SciPy Gaussian + cubic

+0.000722

+0.000115 to +0.001144

+0.000053

scikit-image cubic AA

+0.005202

+0.004411 to +0.006034

+0.004345

PyTorch area

+0.005186

+0.004422 to +0.006020

+0.004363

The one-sided bound used the 1.667th percentile of each paired-bootstrap distribution (alpha 0.05 / 3). All bounds exceed zero, so the frozen strict quality rule passed. The runtime ratios also exceeded their frozen thresholds: at least 10 against SciPy and scikit-image, and greater than 1 against PyTorch area. One individual patch favoured SciPy by about 0.0036 AUC; the claim is an aggregate paired result, not an every-patch win.

What can be claimed#

The defensible statement is:

For the tested twofold lateral coarsening of 18 held-out SELMA3D WGA microvessel patches, SplineOps cubic projection had higher mean vessel- ranking ROC AUC than the named SciPy, scikit-image, and PyTorch pipelines under a predeclared family-wise rule. On the recorded one-thread CPU run it was 12.49 times, 15.17 times, and 1.36 times faster, respectively.
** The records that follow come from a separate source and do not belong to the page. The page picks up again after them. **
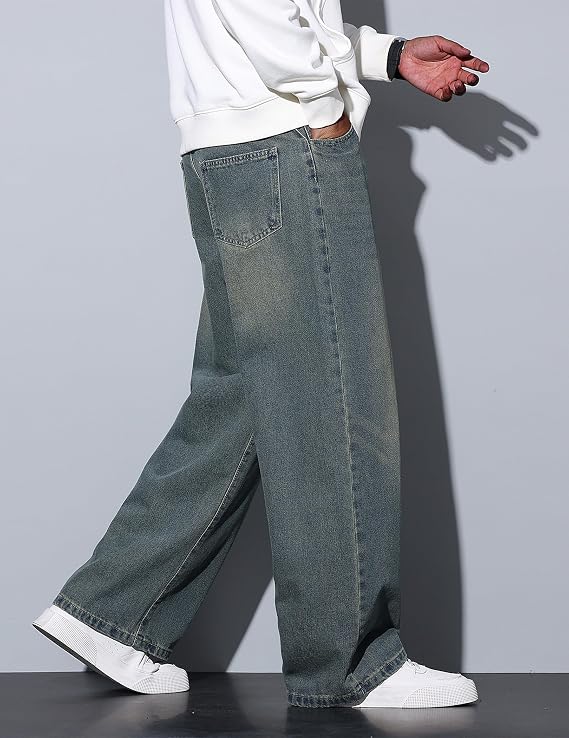 Men's Wide Leg Jeans Baggy Denim Pants Y2k Hip Hop Trousers
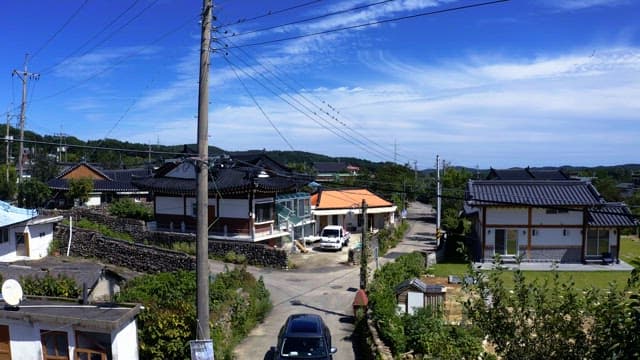 Small town with traditional houses on a sunny day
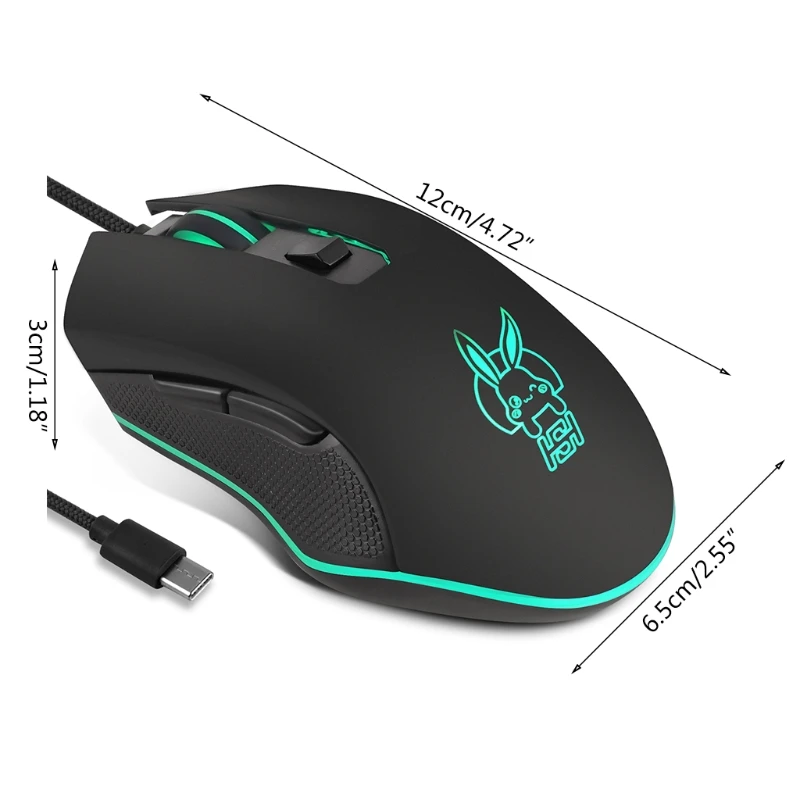 

Wired Gaming Mouse Ergonomic USB C Optical Mouse Compatible with Windows PC Laptop Supports DIY Keybinds Rapid Fire Butt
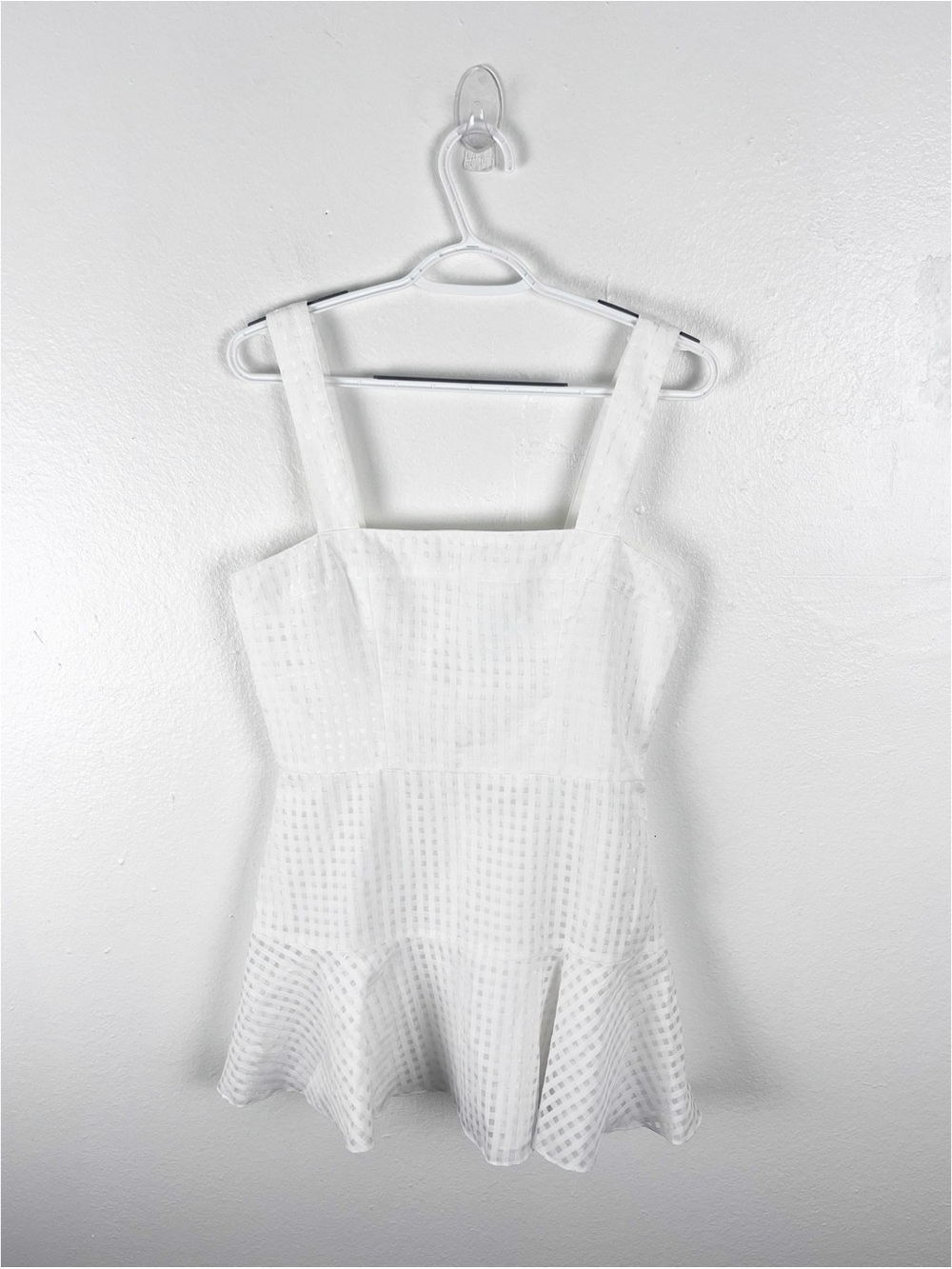 AMANDA UPRICHARD White Annalise Lined Back Zipper Flounce Hem Dress Medium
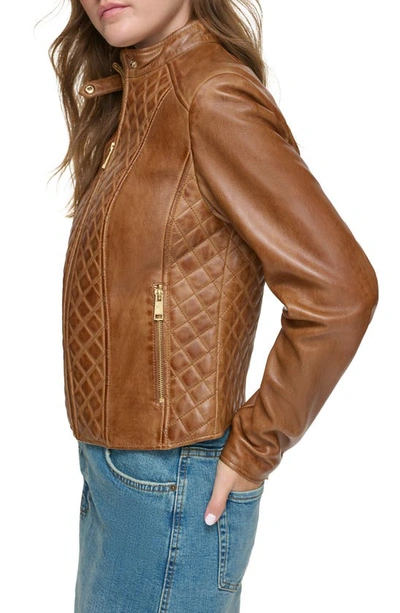 Shop Andrew Marc Quilted Panel Leather Jacket In Cognac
Do not shorten this to “SplineOps is the best image resizer” or “SplineOps segments vessels better.” The study tests preprocessing signal ranking, not a deployed segmenter. It covers one lateral 2x geometry, one channel, one CPU, and four alternatives. A different library, geometry, boundary condition, or downstream task may reverse the ranking.

The canonical reusable wording is maintained in Claims and evidence. The Interactive SELMA3D comparison provides an interactive view while keeping the frozen aggregate result separate from its post-study presentation patch.
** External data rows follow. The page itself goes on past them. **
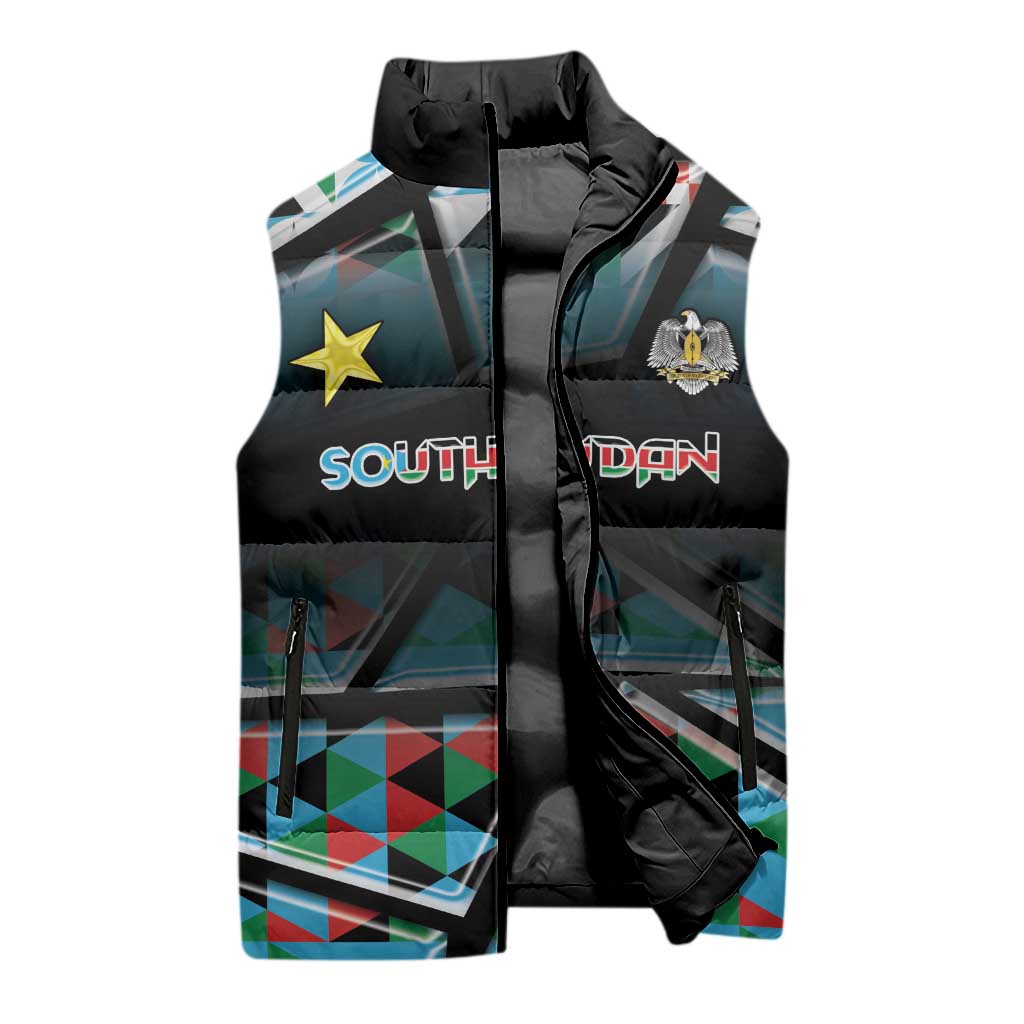 Custom South Sudan Sleeveless Puffer Jacket Geometric African Patterns - African Pride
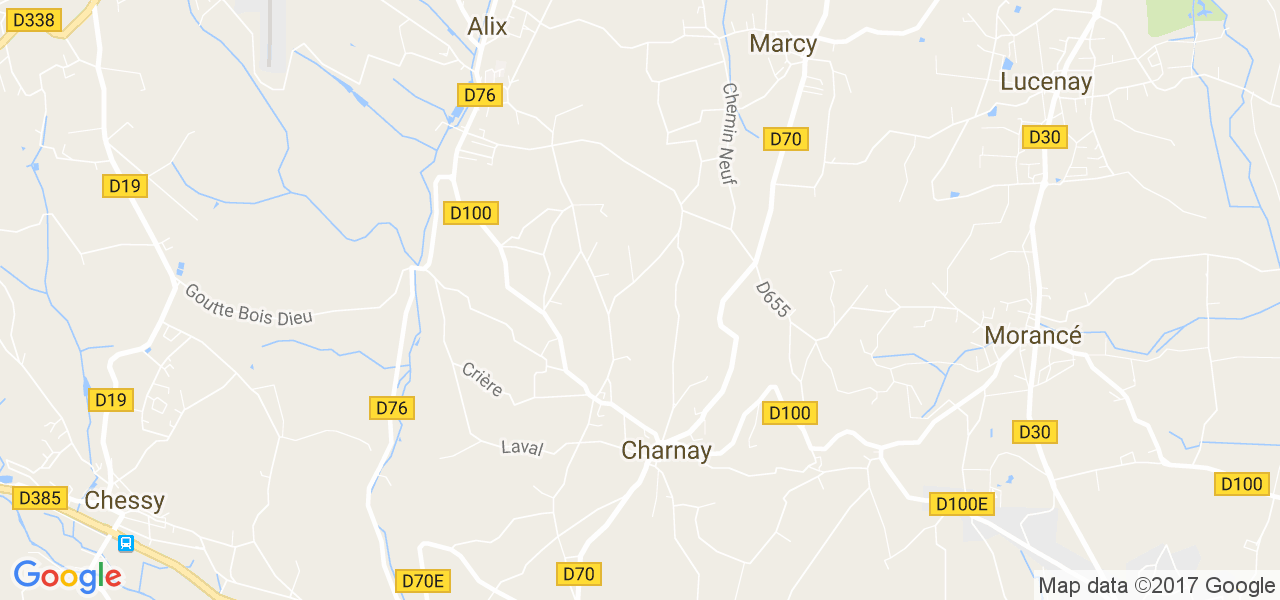 map de la ville de Charnay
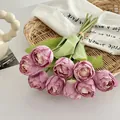 Künstlicher tulpenstrauß in rosa-violett mit neun blütenköpfen für heimdekoration - Lila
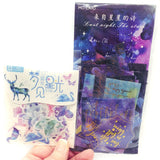 journey to the stars galaxy sticker flakes sticker pack of 60 large foil gold foiled journalling quotes quote sky space uk cute kawaii stationery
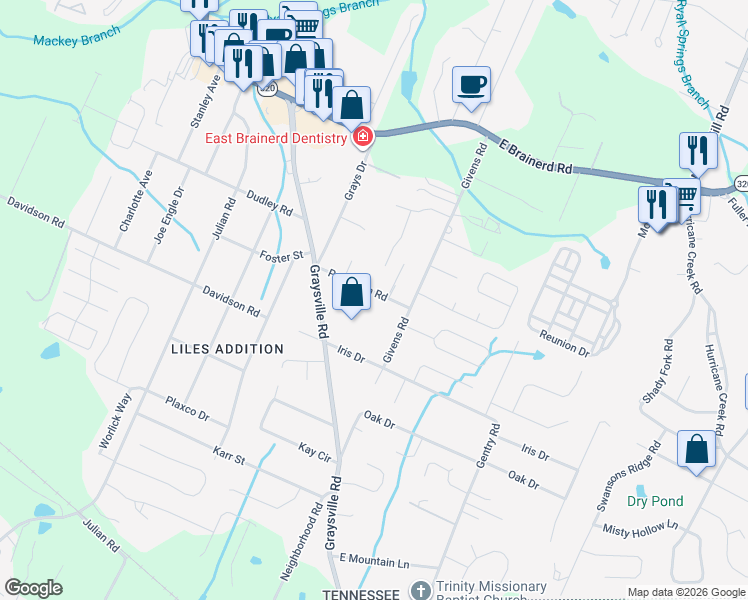 map of restaurants, bars, coffee shops, grocery stores, and more near 8238 Patterson Road in Chattanooga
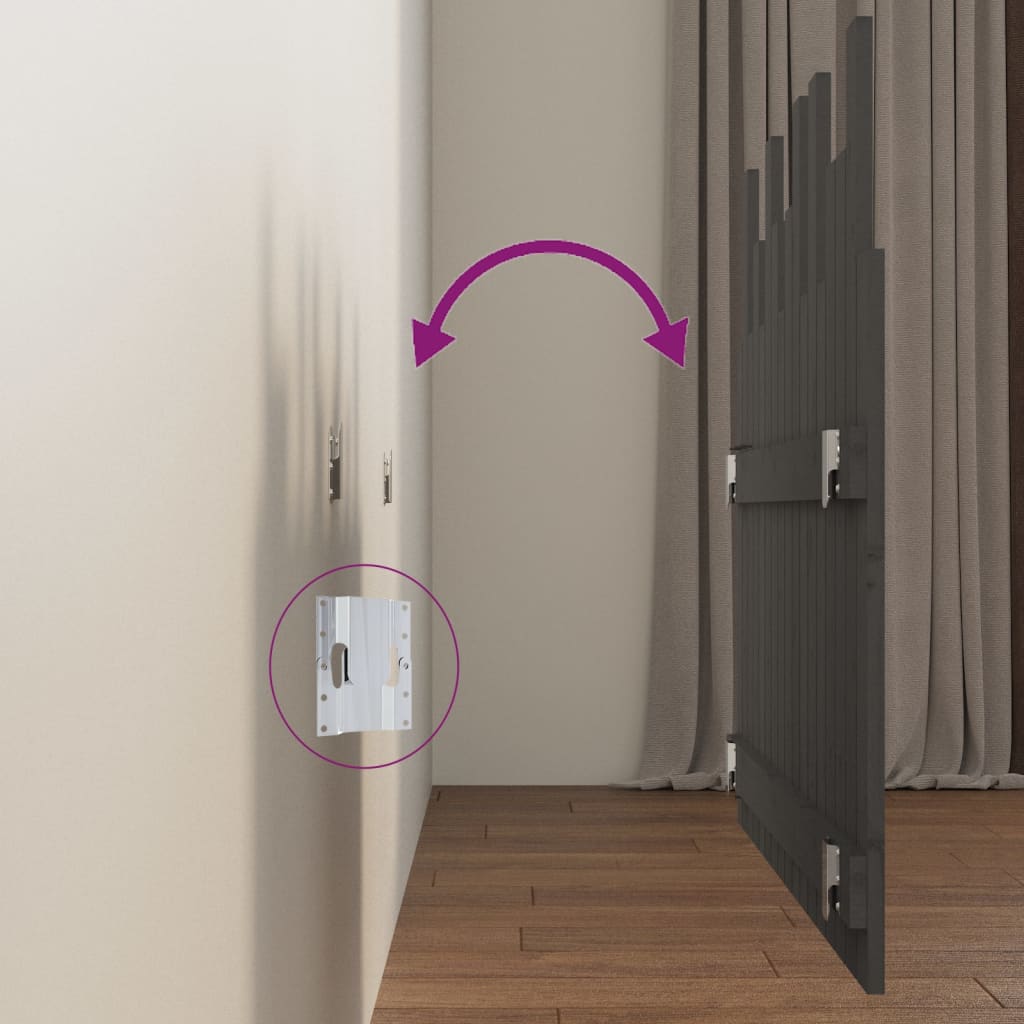 Wall Headboard Grey 108x3x80 cm Solid Wood Pine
Two additional limitations matter. The archive does not expose specimen IDs for the patches, so bootstrap units are patches rather than independent animals. The BioImage Archive page says CC BY 4.0, while the official SELMA3D data page says CC BY-NC. SplineOps follows the stricter CC BY-NC interpretation, cites both SELMA3D and VesSAP, and redistributes no source data.

Reproduce it#

python -m pip install -e '.[selma3d-study]'
python scripts/benchmark_selma3d_vessels.py \
    --output-dir benchmarks/selma3d-vessels

The runner downloads only the 18 confirmation images and masks from EMBL-EBI and verifies a pinned SHA-256 digest for every file. The benchmark script, raw JSON, patch-level scores, repeated timings, and comparison CSV are published. Timings are machine-specific.

The adjacent nuclei study is also retained in benchmarks/selma3d. Its quality rule passed but its predeclared 10-times speed rule failed. Keeping that negative decision visible prevents the vascular geometry from looking like the only case attempted.